__HOW TO COMPLETE THIS TASK__: Write out the line that contains "Make Deco Mesh Wreaths", then every following line to the end of the records below, with no other lines and no changes.
———
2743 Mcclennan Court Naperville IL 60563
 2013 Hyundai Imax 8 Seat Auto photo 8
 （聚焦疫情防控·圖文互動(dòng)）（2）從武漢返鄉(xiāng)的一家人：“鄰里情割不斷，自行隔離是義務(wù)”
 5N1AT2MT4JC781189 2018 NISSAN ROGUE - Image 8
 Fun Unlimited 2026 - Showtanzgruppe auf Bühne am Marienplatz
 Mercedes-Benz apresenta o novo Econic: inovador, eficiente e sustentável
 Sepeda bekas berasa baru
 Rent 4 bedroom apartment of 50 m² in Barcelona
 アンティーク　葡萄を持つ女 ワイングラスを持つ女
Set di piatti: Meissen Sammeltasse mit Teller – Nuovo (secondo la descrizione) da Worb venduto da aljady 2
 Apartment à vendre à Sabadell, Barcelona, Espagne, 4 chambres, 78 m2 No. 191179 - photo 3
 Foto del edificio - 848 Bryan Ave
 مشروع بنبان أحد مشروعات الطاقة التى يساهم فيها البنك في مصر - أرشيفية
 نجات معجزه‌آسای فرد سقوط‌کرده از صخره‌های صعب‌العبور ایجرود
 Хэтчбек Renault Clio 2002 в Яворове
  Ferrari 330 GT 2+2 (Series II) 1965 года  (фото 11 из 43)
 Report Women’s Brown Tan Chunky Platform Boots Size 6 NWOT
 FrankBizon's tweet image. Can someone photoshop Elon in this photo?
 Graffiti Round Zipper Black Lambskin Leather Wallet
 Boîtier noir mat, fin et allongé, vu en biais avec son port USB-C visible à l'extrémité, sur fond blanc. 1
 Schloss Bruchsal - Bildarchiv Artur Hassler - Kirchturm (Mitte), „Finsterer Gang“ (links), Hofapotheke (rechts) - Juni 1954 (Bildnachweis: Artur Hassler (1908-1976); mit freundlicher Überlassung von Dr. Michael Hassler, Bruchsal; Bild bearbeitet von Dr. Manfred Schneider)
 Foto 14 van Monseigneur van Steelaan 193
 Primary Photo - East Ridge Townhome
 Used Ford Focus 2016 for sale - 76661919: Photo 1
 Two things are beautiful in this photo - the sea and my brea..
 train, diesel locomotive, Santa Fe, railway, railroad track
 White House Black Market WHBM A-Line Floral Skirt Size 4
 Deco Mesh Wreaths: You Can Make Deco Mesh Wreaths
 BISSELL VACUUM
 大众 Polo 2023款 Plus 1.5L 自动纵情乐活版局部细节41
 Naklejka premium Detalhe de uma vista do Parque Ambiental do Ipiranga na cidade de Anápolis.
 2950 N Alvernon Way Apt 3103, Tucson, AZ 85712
———
__COMPLETED TASK__:
 Deco Mesh Wreaths: You Can Make Deco Mesh Wreaths
 BISSELL VACUUM
 大众 Polo 2023款 Plus 1.5L 自动纵情乐活版局部细节41
 Naklejka premium Detalhe de uma vista do Parque Ambiental do Ipiranga na cidade de Anápolis.
 2950 N Alvernon Way Apt 3103, Tucson, AZ 85712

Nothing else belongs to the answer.